Paper No. 6
Presentation Time: 1:30 PM-5:30 PM
APPLICATION OF CS-137 FOR SOIL EROSION ANALYSIS IN THE WATERSHED OF THE RAPPAHANNOCK RIVER, VIRGINIA
LANDAU, Kelly, Earth and Environmental Sciences, University of Mary Washington, 1301 College Avenue, Fredericksburg, VA 22401 and ODHIAMBO, Ben K., Earth and Environmental Sciences, University of Mary Washington, Fredericksburg, VA 22401, klandau@umw.edu
Soil erosion in most terrains is both a result of natural geomorphic processes as well anthropogenic human landscape modifications, mostly through deforestation, agriculture and urban development. The resulting effects of erosion are plentiful, widespread and include loss of soil fertility and declines in water quality recipient water bodies. The watershed of central Virginia's Rappahannock River has gradually shifted from a largely forested to one of increasing agricultural and metropolitan development. Farms, towns, and cities, along with the high concentration of roadways which provide for them, have replaced much of the watershed's natural land cover with bare, vulnerable and often impervious surfaces, essentially paving the way for erosion. Recent studies have shown that the Rappahannock River delivers more sediment per square unit of watershed than any of the other tributaries of the Chesapeake Bay.

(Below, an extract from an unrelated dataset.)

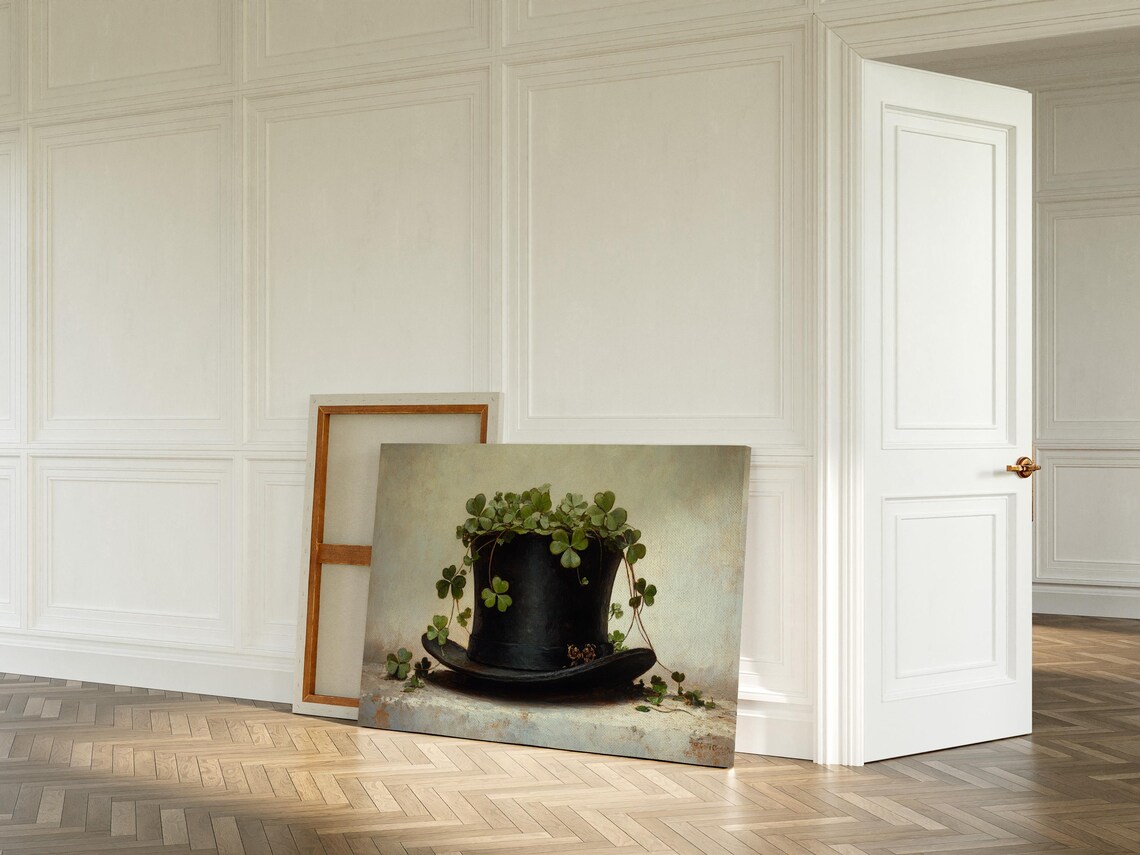 Clover Sprouting From Black Top Hat Vintage Still Life Wall Art - Image 6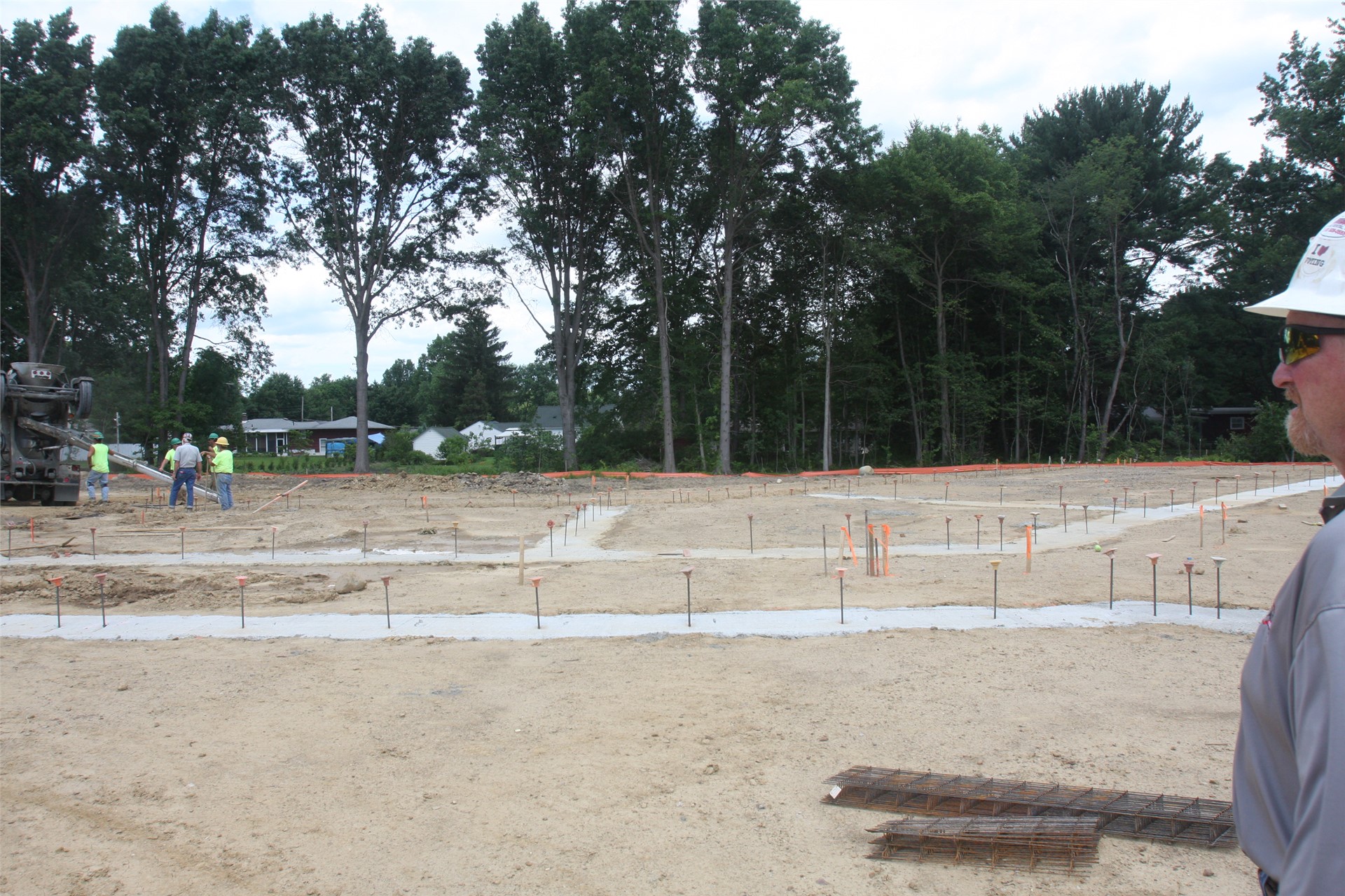 Footers outline where walls will exist in the academic wing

We report results of watershed erosion rates analysis using Cs-137 inventories in soil at various locations within the Rappahannock Watershed. The study highlights both the important role of geomorphologic landscape characteristic as well variation in land-use in influencing erosion rates. The watershed was divided into two main sections based on slopes, with the upper region characterized by deeply incised valleys of relatively steeper slopes, and the lower basin of gentle slopes. Soil cores were collected from forested, grassland, cropland, and grazeland sites in both sections, and analyzed for Cs-137 content. Other soil physical and chemical attributes i.e. bulk density, particle size distribution, soil pH, effective cation-exchange capacity, organic carbon content, and magnetic susceptibility were analyzed for a more comprehensive watershed erosion analysis.